José Piña

Personal information
- Full name: José Gregorio Piña Flores
- Date of birth: 5 January 1996 (age 29)
- Place of birth: Coro, Venezuela
- Height: 1.76 m (5 ft 9 in)
- Position: Midfielder

Senior career*
- Years: Team / Apps / (Gls)
- 2013–2014: Atlético Venezuela / 8 / (1)
- 2017: Unión Atlético Falcón
- 2019: York9 / 0 / (0)

= José Piña =

Venezuelan footballer (born 1996)

José Gregorio Piña Flores (born 5 January 1996) is a Venezuelan professional footballer who plays as a midfielder.

==Club career==
===Atlético Venezuela===
On 10 August 2013, Piña made his debut in the Venezuelan Primera División for Caracas-based club Atlético Venezuela.
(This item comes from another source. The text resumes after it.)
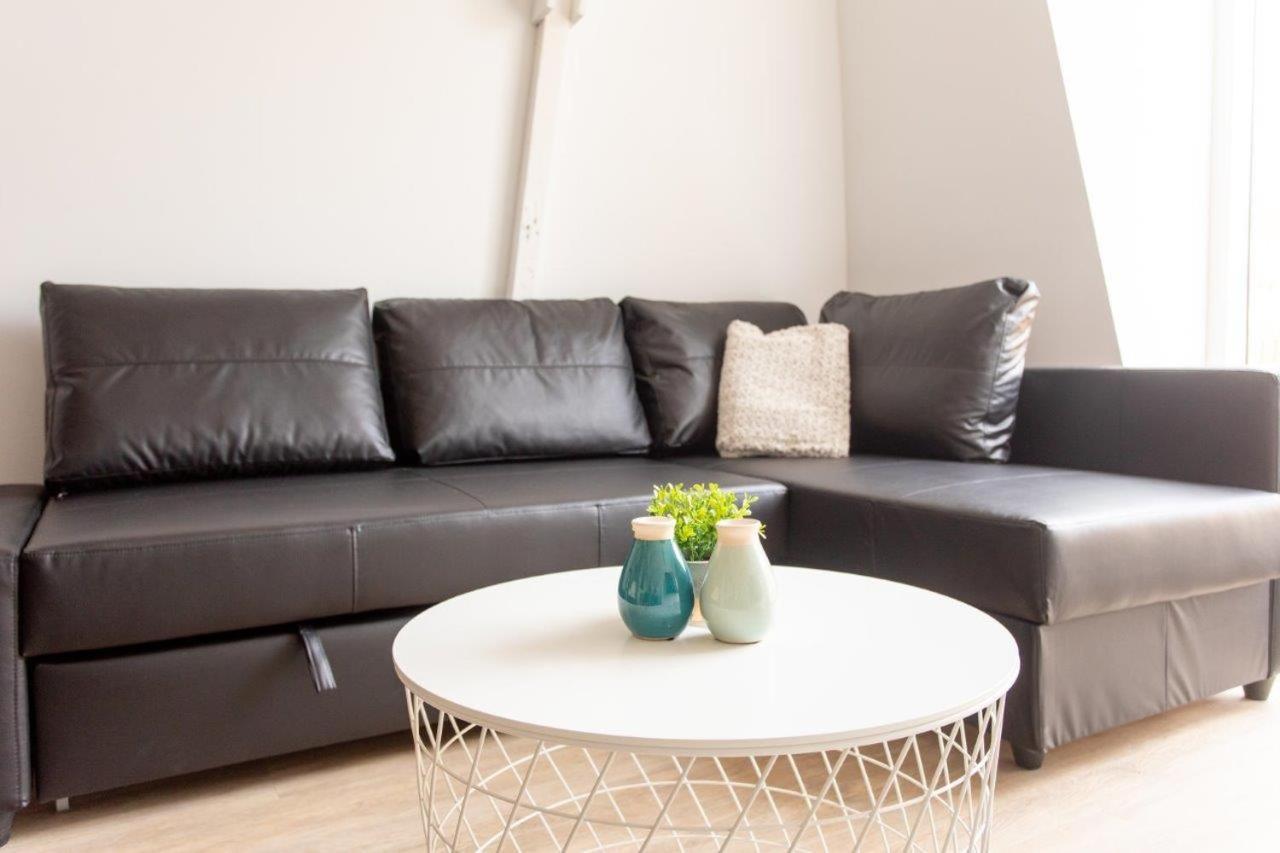 Alkmaar City Apartments Δωμάτιο φωτογραφία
He made a further seven appearances that season and scored a goal in a 1–3 loss to Estudiantes de Mérida on 17 November 2013.

===Unión Atlético Falcón===
In 2017, Piña played for Venezuelan Segunda División side Unión Atlético Falcón and scored a goal in the Copa Venezuela against Academia Puerto Cabello.

===York9===
On 28 April 2019, York9 FC revealed that Piña had signed with Canadian Premier League side, although the club had not made a formal announcement about his signing. After failing to appear for the team after his signing, on 27 June 2019 York9 coach Jimmy Brennan revealed that the club was continuing to sort out visa issues with Piña, which had prevented him from coming to Canada.